Scraped caption text data:

- Opening Delimiter -

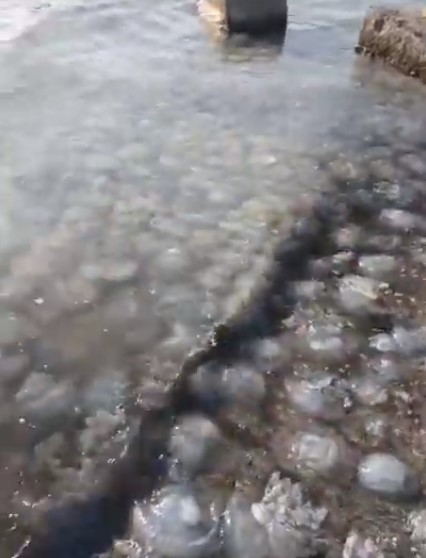 Медузы в Азовском море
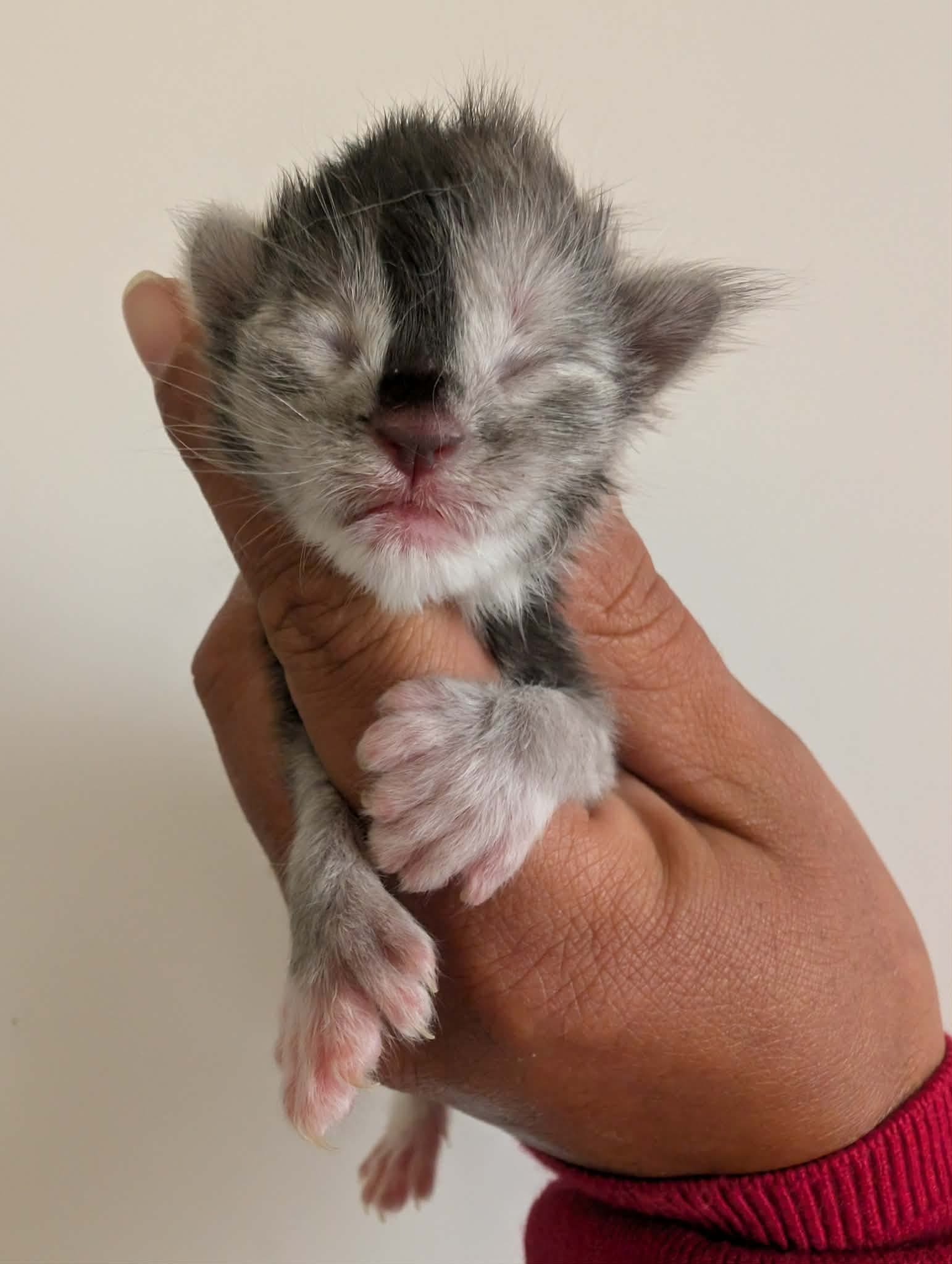 Miniature 2 de Basil, chaton Maine Coon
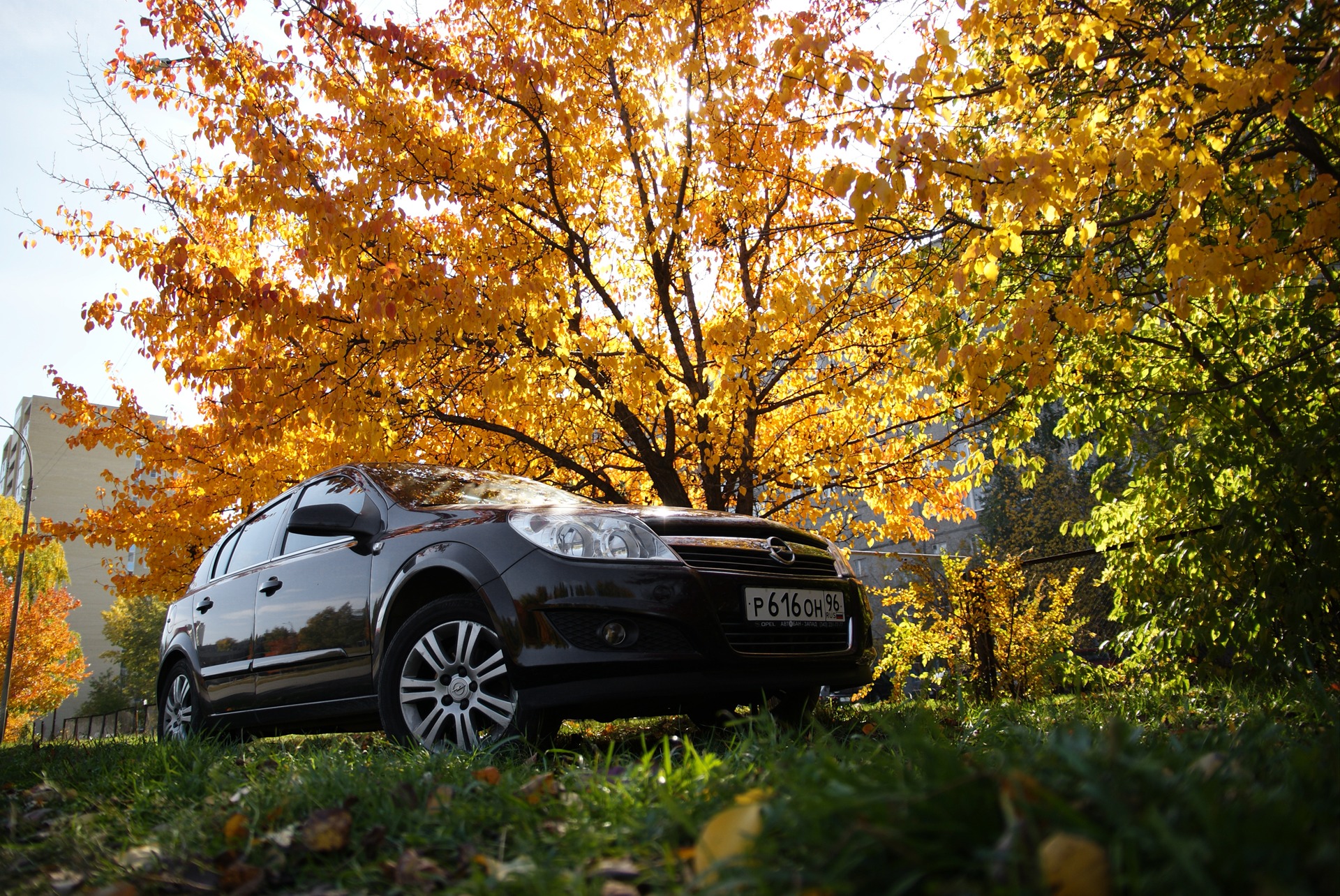Opel astra черный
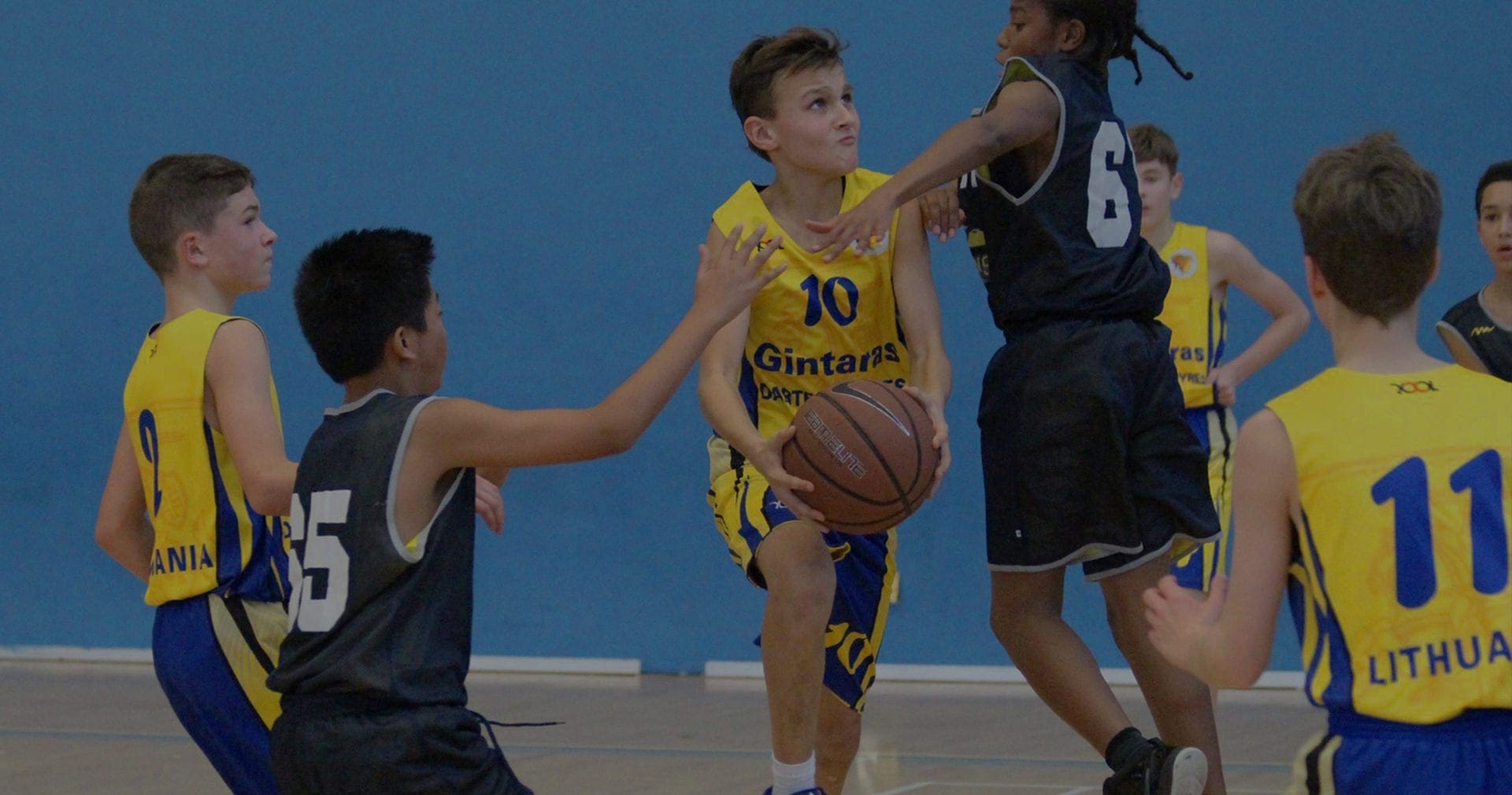 LSB PROGRAMS BANNER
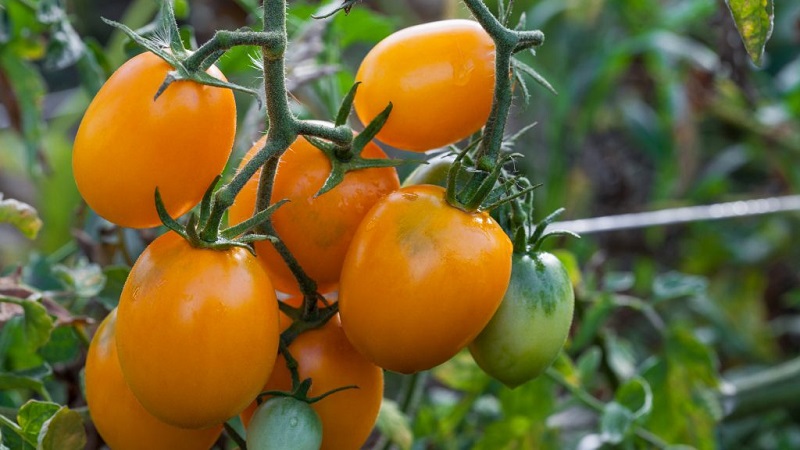 Unusual Tomato Cream and how to care for it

- Closing Delimiter -

AIM OF THE EXERCISE: Word for word, set down the lines from the line with "LSB PROGRAMS BANNER" through the last line of the entries, and nothing else; the pictures stay out.

RESPONSE BELOW:
 LSB PROGRAMS BANNER
 Unusual Tomato Cream and how to care for it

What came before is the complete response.